1.
How do you think financial ratios differ across different industries? Compare two industries of your choice and select a few ratios and explain whether you think the ratios would be higher or lower for each of those industries and explain why.
2.
What are some uses and limitations of financial ratios?
2. Financial ratios are useful tools for evaluating a company’s financial position and operations and may reveal areas that need further investigation. However, when analyzing company’s performace one should take into account that different industries may have different norms. If we compare the ratios between small grocery store and car dealer store, the numbers will be absolutely different. The inventory turnover, which measures the relative size of inventories will be higher in a grocery store, because they sell their inventory faster than car dealer’s. Therefore, it will lead to lower days’ inventory on hand in grocery store. Dealer store’s operating cycle, or the time it takes to to sell products and collect for them, will be longer than one of grocery store. In dealer store the inventory stays longer on hand resulting in higher operating cycle.

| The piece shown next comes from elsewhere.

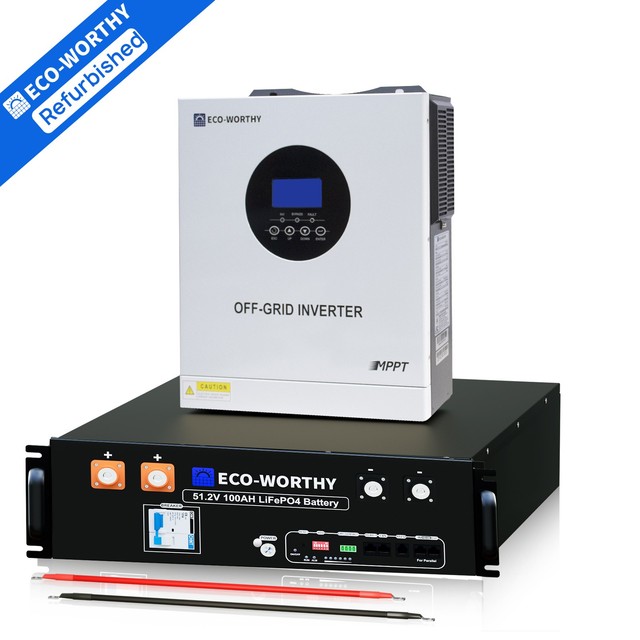 ECO-WORTHY 48V 100Ah LiFePO4 Battery with 5kW Inverter Charger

3. Supermarkets I think would have high liquidity and profitability ratio because they do make enough money to stay in business for a long time and they make a lot of profit in sales. Everyone needs food and supermarkets are always going to get sales. Some supermarkets are even on the New York Stock Exchange and are doing really well like WholeFoods it closed at $52.25 today which I thought was great, I didn’t know their stock was that high, so I am pretty sure their shareholders are making a profit on their investment.
4. There are different uses of the financial ratios. These ratios are helpful to make the financial statements more clear. They are effective to compare the companies that are not in the same sizes. They make it easier to see the necessary information, and we do not have to know all the financial information. They help us to see the performance of companies in different period, and it is useful to understand the trends.

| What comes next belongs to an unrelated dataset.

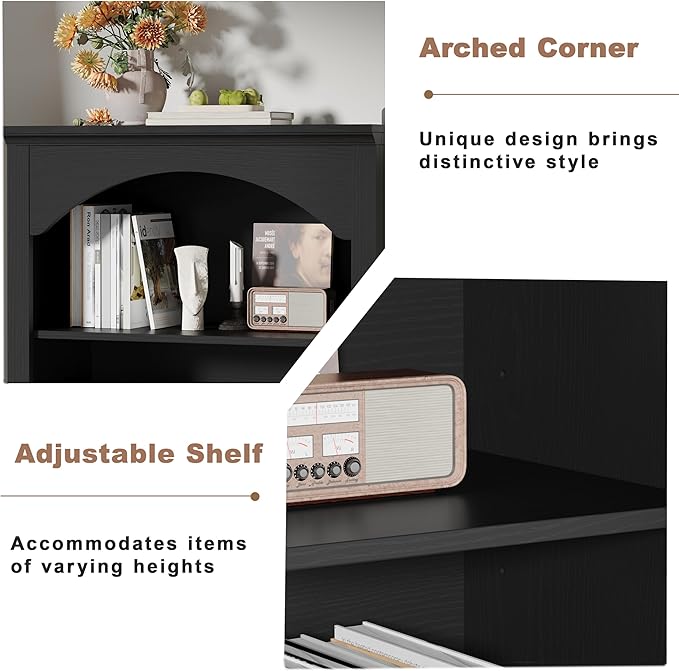56" H Tall Bookshelf and Bookcase, Arched Book Shelf with 4-Tier Open Shelves, Wooden Storage Bookcase Freestanding Display Bookshelves for Bedroom, Living Room, Black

There are also several limitations of the financial ratios. Every company does not have the same environmental features with the other ones because of its different industry, and this may be the reason to make the wrong comparison between the companies. The financial account information and policies may be affected by making estimations. The users need to know the current information of the company, but the ratio analysis shows the information of the past time.
5. Financial ratios allow investors and analysts to compare companies in their activity, liquidity, solvency, profitability, and valuations. However, ratios have little meaning when comparing companies across different industries. To see how well or poorly a company is performing, it should be compared to its peer companies in its industry. Comparing companies across different industries is like comparing apples to oranges. Of course the ratios will differ substantially in substantially different industries that operate, finance, and invest under different strategies. There are so many factors to consider before investing in a company.
6. Financial ratios can be used to make financial statements simpler and easier to read and understand by looking at a few numbers instead of the whole financial statement. If you’re comparing companies of different sizes, it makes it easier to compare them both. Also, financial ratios help when analyzing trends for a company and whether the trends are good or bad, you can adjust your course of business based on the trends information. Financial ratios have their limitations too. Accounting policies between companies can differ so the information that is estimated or assumed will not be the same. Companies operate in different industries and therefore will have different regulations and structure. These factors can be so different that comparing the companies would not be accurate.
7. Financial ratio- a relationship that tells how something about a company’s actives such as a ratio between the current assets and its current liabilities or between its account receivable and its annual sales. They can differ across different industries by the size of a series of financial data when making comparisons over time or between firms and also show the strengths and weaknesses of that company. The 2 industries of my choosing would be fast food restaurants. The 1st would be binker international and the 2nd would be yum brands. It shows that yum brands which as places such as pizza hut, taco bell, kfc or long john silver has more when it comes to liquidity and profitability. For liquidity it shows the current ratio being 1.01 for yum compared to only 0.49 for binker. For profitability it shows that for yum brands it is 17.21 and binker only 9.92. The yum brands would be higher because this is something you are able to take on the good and get a faster and quicker service.